**Try it**
When copying the listing below, skip every picture and keep each word as it stands.

Information supplied Start Marker

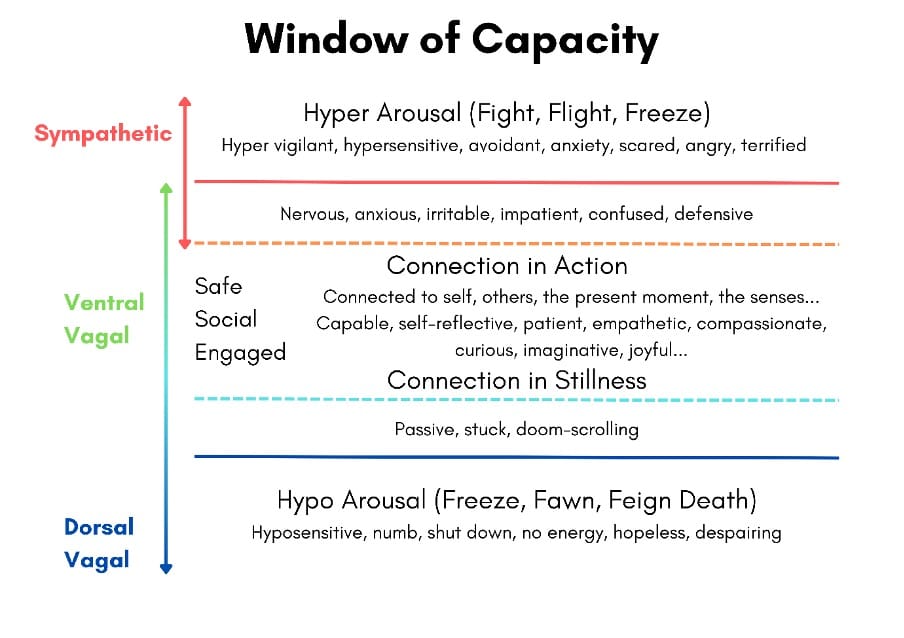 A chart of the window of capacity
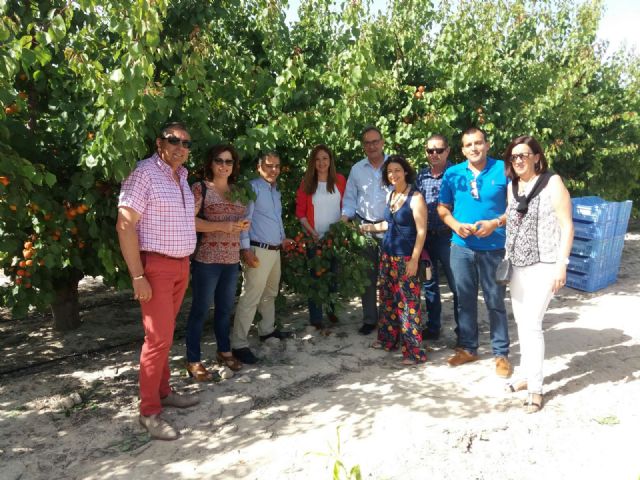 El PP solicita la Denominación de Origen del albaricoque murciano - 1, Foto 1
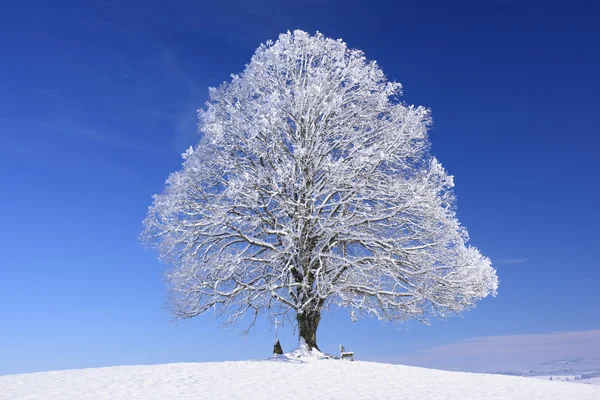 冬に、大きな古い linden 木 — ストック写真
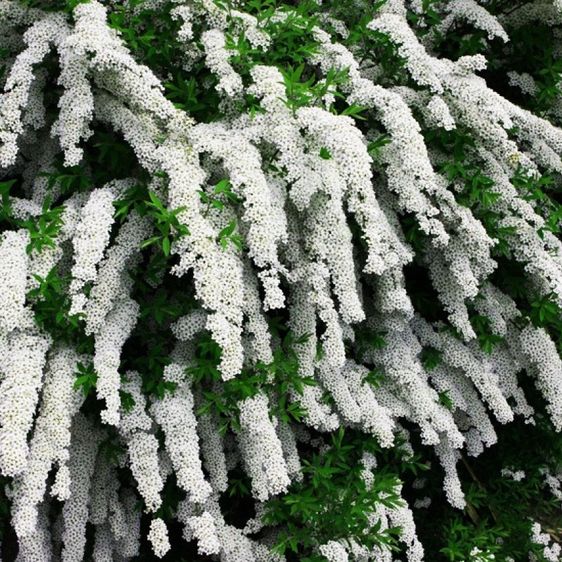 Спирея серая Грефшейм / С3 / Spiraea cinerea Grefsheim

Information supplied End Marker

**Expected answer**
 A chart of the window of capacity
 El PP solicita la Denominación de Origen del albaricoque murciano - 1, Foto 1
 冬に、大きな古い linden 木 — ストック写真
 Спирея серая Грефшейм / С3 / Spiraea cinerea Grefsheim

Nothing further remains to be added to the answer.